Фреге высказал и немало других ценных и удивительных по своей глубине идей относительно значения, понимания языковых выражений, истины и иных семантических аспектов языка, которые, как мы увидим, продолжают оставаться в центре внимания аналитических философов.
Итак, подведем итоги. Размышления Фреге о языке и онтологии явились продолжением его исследований по логике и основаниям математики, нацеленным на сведение арифметики к логике. Он еще не воспринимал построение языка как задающее определенную онтологию, хотя желал он того или нет, но онтологические вопросы оказались у него тесно связанными с исследованием языка. Поскольку свой формальный язык он создавал для описания предметной области арифметики и для осуществления логицистской программы, отношение между языком и внеязыковой реальностью не представляет для него особой проблемы и не заключает в себе ничего загадочного. Можно сказать, что в его системе множество слов (имен собственных) просто отображается (в математическом смысле) на множество предметов, и поэтому отношение между знаками языка и элементами онтологии, которое он называет отношением именования, является прямым, конвенциональным и не требующим никакого обоснования. Фреге исключает из своего рассмотрения тех, кто использует язык, чтобы говорить о мире; они просто имеют в своем распоряжении готовую систему «язык-мир», никоим образом не влияют на природу связи между словом и предметом и не участвуют в механизмах установления этой связи. При таком подходе язык (langue в терминологии Ф. де Соссюра) берется в полном отрыве от речи (parole), что позволяет полностью отвлечься от всех иных его функций, кроме репрезентативной. В этом случае язык воспринимается исключительно как система знаков, используемая для описания внешнего мира.

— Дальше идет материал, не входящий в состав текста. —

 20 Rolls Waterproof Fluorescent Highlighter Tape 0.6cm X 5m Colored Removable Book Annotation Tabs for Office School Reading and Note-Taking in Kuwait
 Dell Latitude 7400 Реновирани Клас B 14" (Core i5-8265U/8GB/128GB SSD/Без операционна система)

Безусловно, такой подход был в каком-то смысле настоящим прорывом в представлениях о языке. В течение долгого времени в философии преобладала трактовка языковых выражений как «знаков идей», которая в основном опиралась на картезианское представление о том, что сознание и идеи отделены от внешнего мира «эпистемической пропастью», поэтому главная задача состоит в том, чтобы установить, как связаны между собой ментальные сущности и объекты в мире. Эта задача решалась по-разному: ментальные сущности или трактовались как причинно обусловленные физическими вещами (как, например, у Дж. Локка), или рассматривались как «естественные знаки предметов» в силу заложенной в природе разума направленности на объект (как, например, у Ф. Брентано), а уже потом эти ментальные сущности конвенционально связывались с языковыми выражениями. Таким образом, слова напрямую обозначали ментальные сущности и лишь опосредованно соотносились с объектами в мире. Фреге, вслед за Дж. С. Миллем, устранил «ментального посредника» в отношении между словом и объектом, создав «референциальную» или «денотативную» семантику.

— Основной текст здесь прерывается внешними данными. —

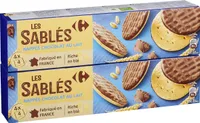 Sablés nappés chocolat au lait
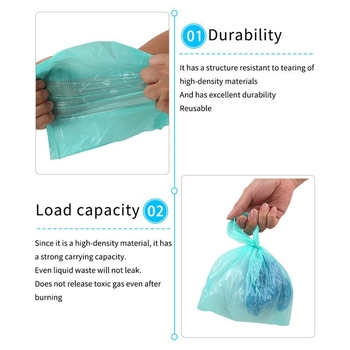 Kačių išmatų maišas – vienkartinis, liemenės stiliaus, tirštinto audinio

Как мы видели, изгнав мысли и смыслы из сферы психического, Фреге поместил их в «третье царство» вневременных и неизменных предметов, которые в своем существовании не зависят от их схватывания кем бы то ни было. Практическим следствием этого онтологического решения стало отвержение психологизма в логике. Вместе с тем, как отмечает Даммит, важность отрицания ментального характера мыслей заключается не в той философской мифологии, которую оно породило, а «в той непсихологической направленности, которая была дана анализу понятий и суждений. И совершенно понятно, почему это привело к аналитической философии, к анализу мышления посредством анализа языка. Ибо если совершается первый шаг – изгнание мыслей и их компонентов из сознания – и философа не удовлетворяет онтологическая мифология, которой это изгнание дополняется, то выход один – попытаться найти что-то немифологическое, но объективное и внешнее по отношению к индивидуальному сознанию, что воплощало бы мысли, которые отдельный субъект схватывает и может принять или отвергнуть. Где еще это можно найти, как не в институте совместного языка?» [Dummett, 1994, p. 25]. Аналитические философы, как известно, вначале попытаются устранить эти абстрактные сущности посредством отождествления значения слова с его референцией, а затем – путем истолкования значения как употребления.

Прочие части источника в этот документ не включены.